Hosea 14:4-5
God’s Answer to the Confession
After their confession, God assures them of His love. He has accepted them back as His people. He takes away all the consequences of their sins and replaces their misery with the blessings that belong to the new life. His love was always there, but He could not show it because of their aversion. Now His love can go out to them again without hindrance. Their forsaking of the LORD has been the cause of all misery. He puts an end to that forever. He does this by cleansing them and giving them a new heart and a new spirit (Eze 36:25-26). In Hos 14:4-5 the LORD says “I will” three times. The first “I will” has to do with the past, with the sin He has taken away. The second “I will” has to do with the present, with His love they may experience at that moment. The third “I will” has to do with the future glory of Israel, when they will blossom and be established in the millennial realm of peace through His refreshment.Future Glory for Israel
For the third time Hosea uses the picture of the dew. In Hosea 6 he uses it as a picture of the volatility of Israel’s love (Hos 6:4) and in Hosea 13 in view of their judgment (Hos 13:3). Both times it says that it is a dew that perishes early in the morning. Here the dew is a picture of blessing and God Himself is like the dew. He is the eternal God, with Whom it is always morning, with Whom the dew never leaves. When God will be like the dew to His people – the people who have been without a drop of moisture for so long – it will blossom like a lily. Then there will be an end to the period when the east wind scorches all that blooms and grows (Hos 13:15). If the Christian has dry periods in his spiritual life, this is also often the result of a sinful way.
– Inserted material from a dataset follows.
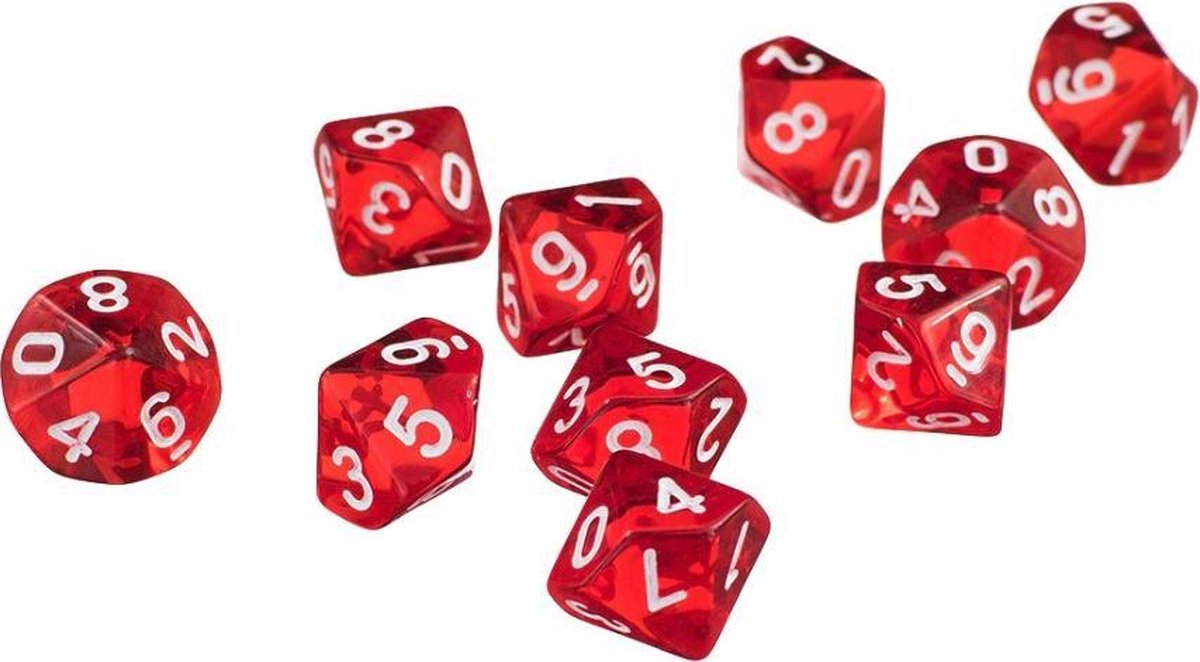 Dobbelsteen met 10 kanten - Set van 5 dobbelstenen! - Tienkantige dobbelstenen - D10-100 - Polydice - Chessex dobbelstenen 10 kantig  zijdig - Rood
After confession and forgiveness there is a longing to read the Word of God again. This is then like the dew (Deu 32:2), through which his life starts to grow and blossom again. With the dew also the manna came (Exo 16:14; Num 11:9). The manna is a picture of the Lord Jesus (Jn 6:48-51). Israel will blossom like the lily. The lily is a picture of charm and elegance, of the glory that Israel will radiate in the realm of peace. But that is not the only thing. A lily is a delicate, fragile flower. That is why it also says that it will “take root like [the cedars of] Lebanon”. With the Lebanon the picture emerges of stability, immobility. Israel’s visible glory is carried by the unshakable foundation of Christ’s reign that has no end (Dan 2:44). The glory of Israel will be like the lily and that people will be as unshakable as the Lebanon for a thousand years through Him Who then reigns.